# Gun Deaths in the US (2012 - 2014)
In this project, you'll be working with Jupyter notebook, and analyzing data on gun deaths in the US. The list of variables are as follows:

- year -- the year in which the fatality occurred.
- month -- the month in which the fatality occurred.
- intent -- the intent of the perpetrator of the crime. This can be   Suicide, Accidental, NA, Homicide, or Undetermined.
- police -- whether a police officer was involved with the shooting.   Either 0 (false) or 1 (true).
- sex -- the gender of the victim. Either M or F.
- age -- the age of the victim.
- race -- the race of the victim. Either Asian/Pacific Islander,      Native American/Native Alaskan, Black, Hispanic, or White.
  hispanic -- a code indicating the Hispanic origin of the victim.
- place -- where the shooting occurred. Has several categories,  which you're encouraged to explore on your own.
- education -- educational status of the victim.
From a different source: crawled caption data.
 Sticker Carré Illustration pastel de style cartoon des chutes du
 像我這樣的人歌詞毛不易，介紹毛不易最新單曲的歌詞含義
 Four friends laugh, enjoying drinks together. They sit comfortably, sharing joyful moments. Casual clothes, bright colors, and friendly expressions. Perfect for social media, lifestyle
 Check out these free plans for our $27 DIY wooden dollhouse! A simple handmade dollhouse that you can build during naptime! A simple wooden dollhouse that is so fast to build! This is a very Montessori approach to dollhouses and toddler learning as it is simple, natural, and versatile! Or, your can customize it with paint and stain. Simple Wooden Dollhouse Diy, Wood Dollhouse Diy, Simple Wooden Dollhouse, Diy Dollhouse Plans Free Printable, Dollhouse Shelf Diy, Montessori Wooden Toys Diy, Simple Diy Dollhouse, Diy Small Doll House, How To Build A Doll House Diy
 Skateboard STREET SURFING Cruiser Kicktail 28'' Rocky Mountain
Can be one of the following:
- 1 -- Less than High School
- 2 -- Graduated from High School or equivalent
- 3 -- Some College
- 4 -- At least graduated from College
- 5 -- Not available

In [13]:
import csv
import datetime
f = open("guns.csv", 'r')
data_1 = list(csv.reader(f))
print(data_1[0:5])

[['', 'year', 'month', 'intent', 'police', 'sex', 'age', 'race', 'hispanic', 'place', 'education'], ['1', '2012', '01', 'Suicide', '0', 'M', '34', 'Asian/Pacific Islander', '100', 'Home', '4'], ['2', '2012', '01', 'Suicide', '0', 'F', '21', 'White', '100', 'Street', '3'], ['3', '2012', '01', 'Suicide', '0', 'M', '60', 'White', '100', 'Other specified', '4'], ['4', '2012', '02', 'Suicide', '0', 'M', '64', 'White', '100', 'Home', '4']]


In [14]:
headers = data_1[0]
data_1 = data_1[1:]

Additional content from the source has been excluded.